You Still Have Time to Ask Colleges for More Financial Aid

DeRionne Pollard, president of Montgomery College, a three-campus community college in Maryland, said that use of the SwiftStudent tool was invisible to financial aid officials but that it helped students craft a clear, comprehensive appeal.

“It allows and empowers students to advocate for themselves,” Dr. Pollard said.

In a survey last fall, college financial aid counselors reported “notable” increases in requests for professional judgment reviews, according to the National Association of Student Financial Aid Administrators. The group will conduct another survey next month to update its findings.

Here are some questions and answers about financial aid:

I’m confused by my aid letters. How can I make sure I am correctly comparing offers?

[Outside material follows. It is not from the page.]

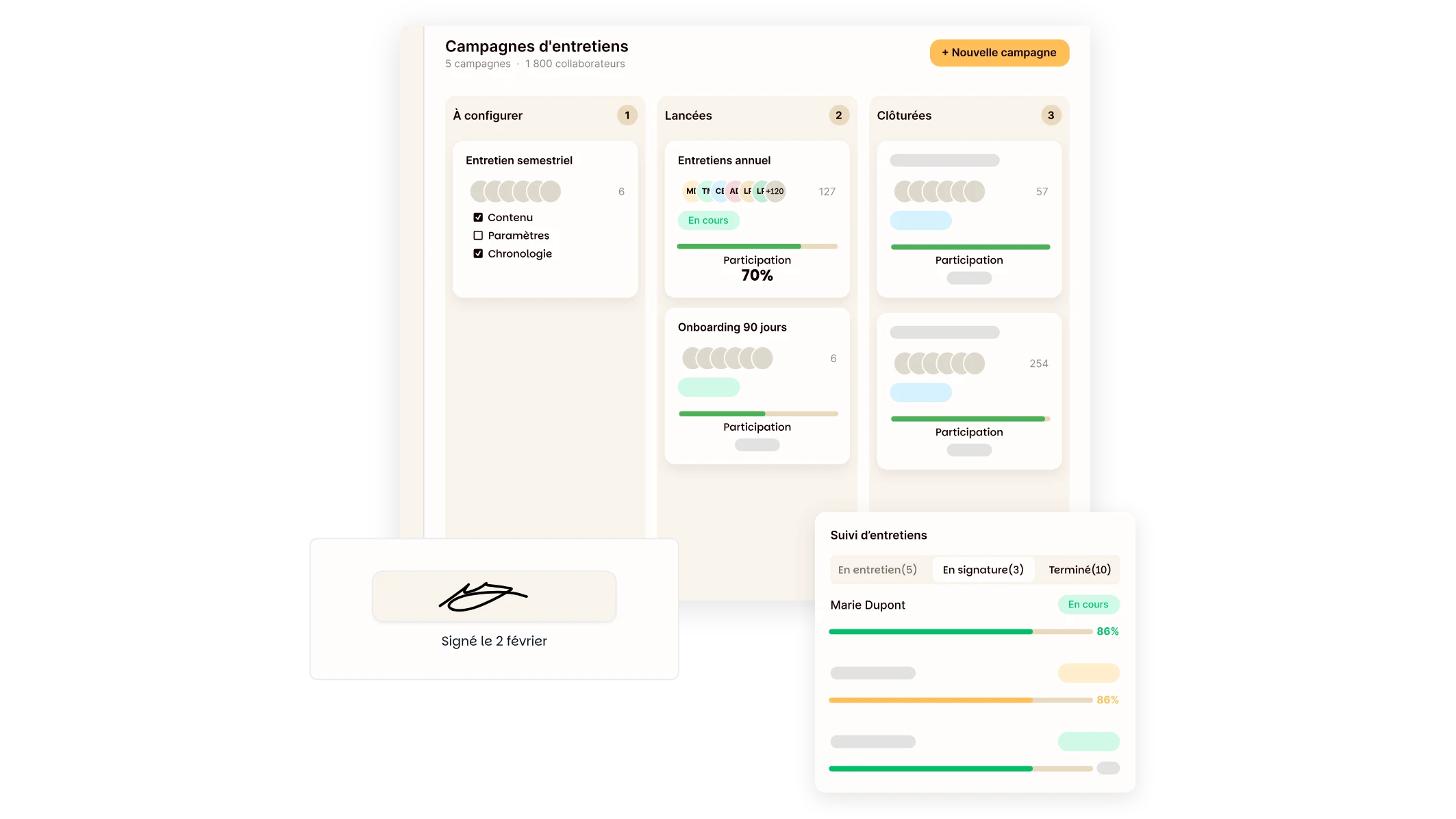 Le logiciel de gestion des entretiens qui réconcilie conformité et engagement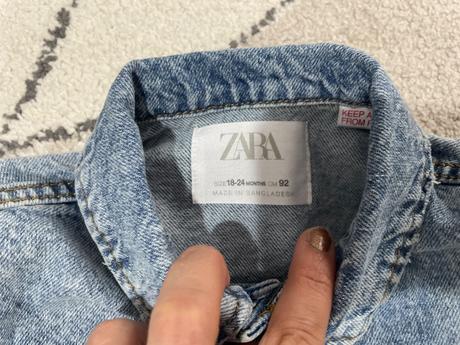 Zara rifľovka 92, zara,92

Colleges are encouraged to use standard formats for aid letters and avoid jargon, but not all do. Be careful to distinguish between “gift” aid, like grants and scholarships, which doesn’t have to be repaid, and loans, which do. Subtract the gift aid from the college’s cost of attendance — the total cost of tuition, housing, meals, books and supplies — to get a net price. Do this for each school before considering how much of the cost you can cover from savings and earnings, and how much you would have to borrow to cover any shortfall.

A nonprofit group that works to help students afford college with less debt, uAspire, created a free online cost calculator to help applicants make “apples to apples” comparisons of aid offers. The Consumer Financial Protection Bureau also offers an online tool to compare offers, and the Institute for College Access & Success offers a tip sheet.

And remember: You aren’t obligated to borrow all, or any, of the loans that are included in your aid letter, said Jessica Thompson, associate vice president at the institute. On the other hand, some colleges may not include the maximum amount of federal student loans for which you are eligible. So if you think you may need to borrow more, call the financial aid office to discuss your situation, she said.

What documentation do I need when making a financial aid appeal?

Colleges vary in how they evaluate an appeal. But gather anything that shows reduced hours or wages, like letters from employers, pay stubs or unemployment records, as well as medical bills, to help make your case, Ms. Warick said.

Can I make an enrollment deposit at more than one college?

Colleges frown on this practice since you ultimately can’t attend more than one college, and making two deposits means another student — one on the wait list, or a late applicant — won’t be offered a spot, Mr. Hawkins said. It also works against less affluent applicants, who may be unable to afford more than one deposit. So members of the admission counseling association advise against it, he said.